EXERCISE DIRECTIONS ->
Write out, exactly and only, the lines that run from the top of the records to the line with "w sklepie Wasserman.eu". Include both ends; exclude pictures.
————
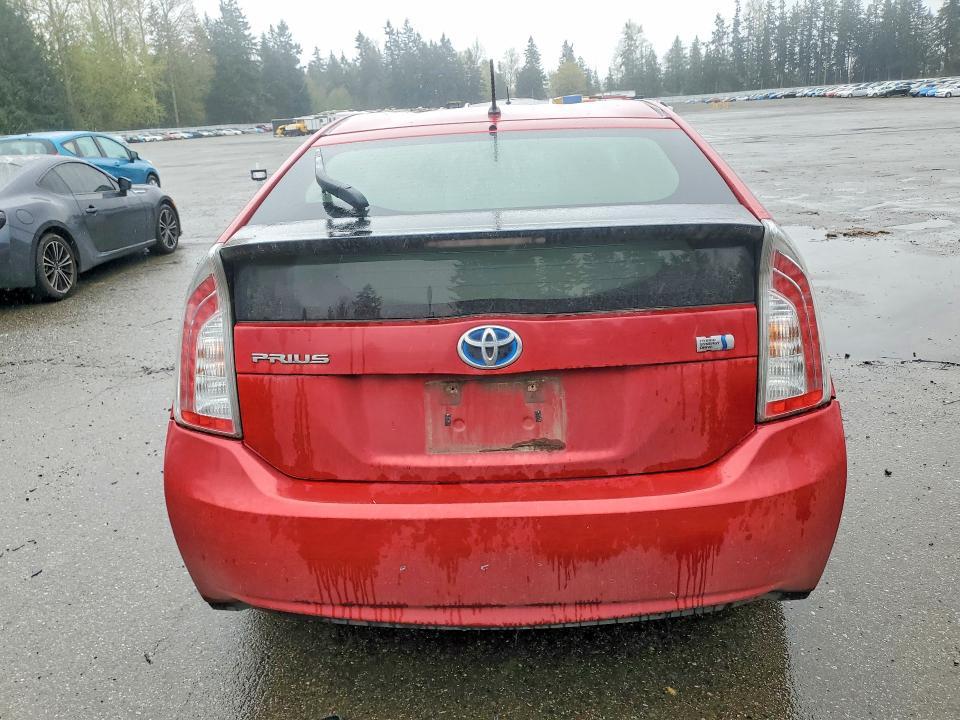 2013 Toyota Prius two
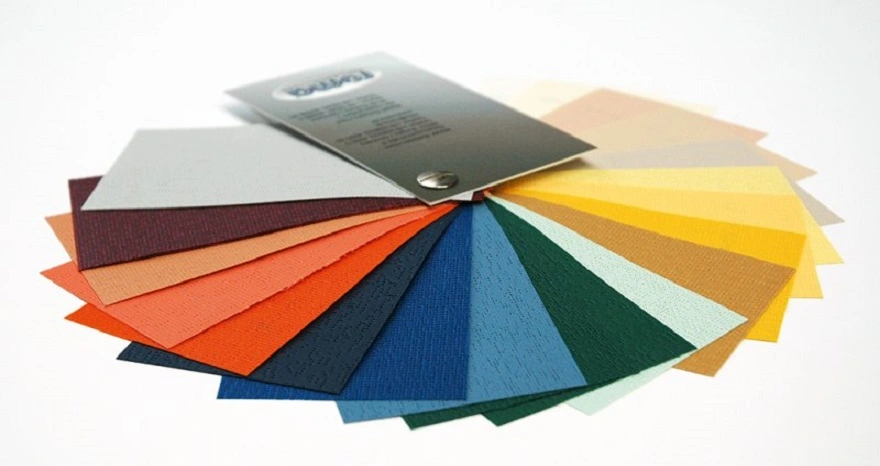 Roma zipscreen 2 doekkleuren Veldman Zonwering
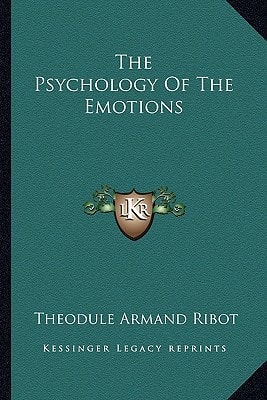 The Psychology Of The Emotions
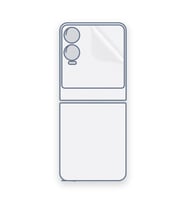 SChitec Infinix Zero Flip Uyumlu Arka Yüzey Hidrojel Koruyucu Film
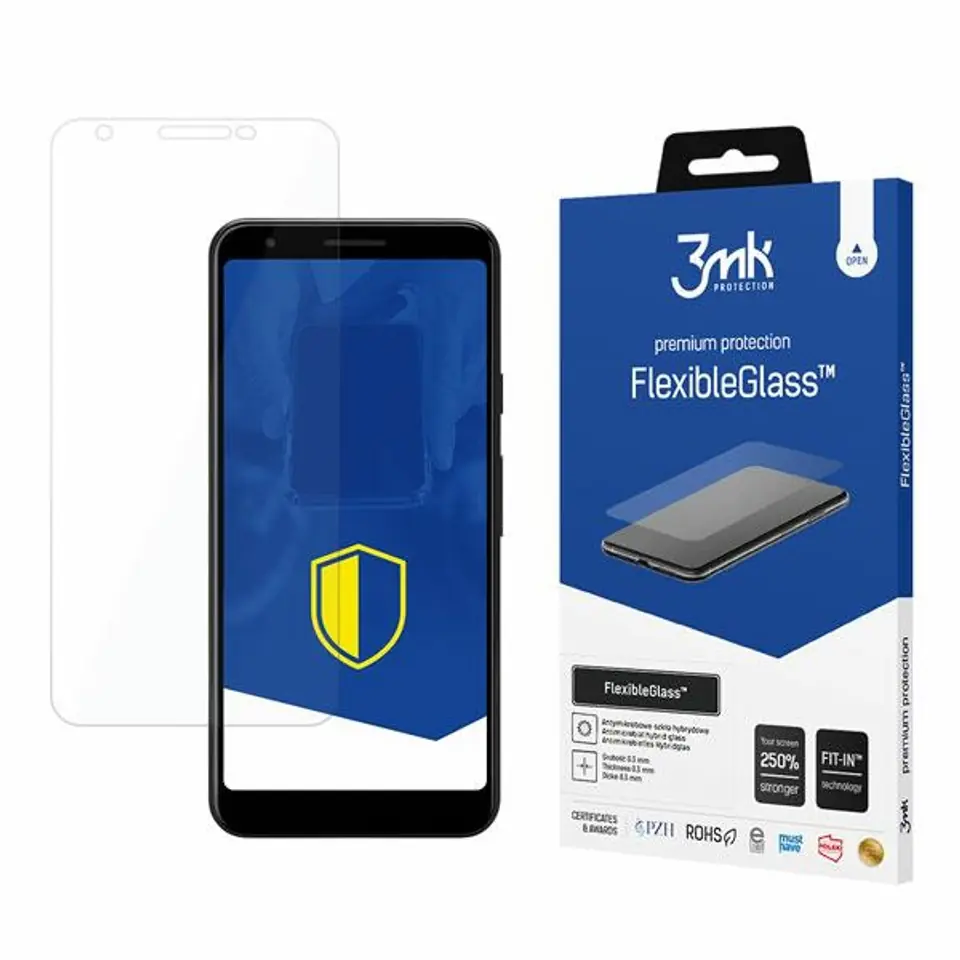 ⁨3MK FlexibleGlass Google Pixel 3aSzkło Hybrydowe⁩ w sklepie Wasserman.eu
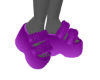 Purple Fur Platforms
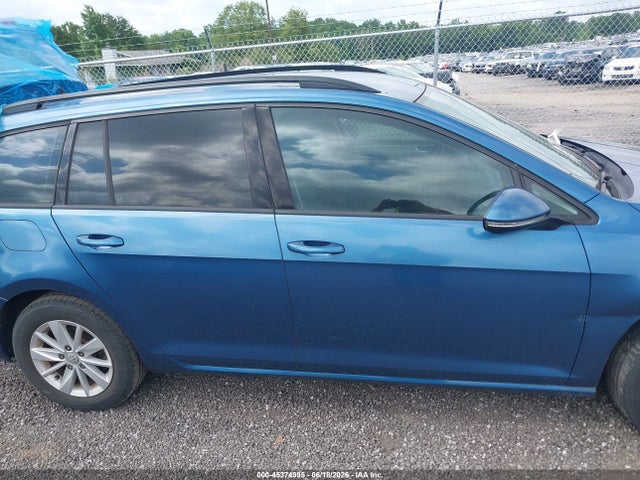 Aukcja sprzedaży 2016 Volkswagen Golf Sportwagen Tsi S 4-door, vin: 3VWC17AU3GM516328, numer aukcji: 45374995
————
COMPLETED EXERCISE ->
 2013 Toyota Prius two
 Roma zipscreen 2 doekkleuren Veldman Zonwering
 The Psychology Of The Emotions
 SChitec Infinix Zero Flip Uyumlu Arka Yüzey Hidrojel Koruyucu Film
 ⁨3MK FlexibleGlass Google Pixel 3aSzkło Hybrydowe⁩ w sklepie Wasserman.eu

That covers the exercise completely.